Kişi, amellerini
samimiyetle yapınca; riya ve ucbu görme hususunda basîret
sahibi olur.
Ebü’l-Abbâs Hüsbânî hazretleri
Şafiî mezhebi fıkıh âlimlerindendir. 749 (m. 1348)’de Şam’da doğdu.
815 (m. 1412)’de Sâlihiyye’de vefât etti. Talebelerine şöyle
nasihat etti:
Bir talebenin başlangıçta dikkat
edeceği en önemli şey, nefsini muhafaza etmesi, başına gelecek olan
âfetlerden sakınmasıdır. Çünkü zâhirî ve batınî mâniler pek çoktur.

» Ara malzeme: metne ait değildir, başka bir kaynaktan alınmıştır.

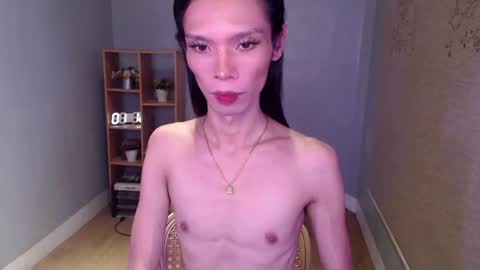 Snapshot of xxxfuckgirlyumsxxx chatting on February 23, 8:28 am Your Princess Yums online show from February 23, 8:28 am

İlk sakınılacak şeyler; riya, ucub, şöhret ve kibirdir. Bunlar
öldürücü zehirdir. Zîrâ bunlardan az bir şey amellerin gitmesine
sebep olur. Bunlar insanda, karıncanın yürüyüşünden daha sessiz ve
gizli, fakat ortaya çıkardığı ve görünen âfeti çok büyüktür. Kişide
riya, dünyâya olan meyil ve dünyâyı âhirete tercih etmesinden ve
nefis muhâsebesini ihmâl etmesinden meydana gelir. Nitekim,
Muhammed sûresinin otuzüçüncü âyet-i kerîmesinde meâlen; “Ey
îmân edenler! Allaha ve Peygambere itaat edin. (Küfür ve nifak
gibi şeylerle) amellerinizi boşa çıkarmayın” buyuruluyor.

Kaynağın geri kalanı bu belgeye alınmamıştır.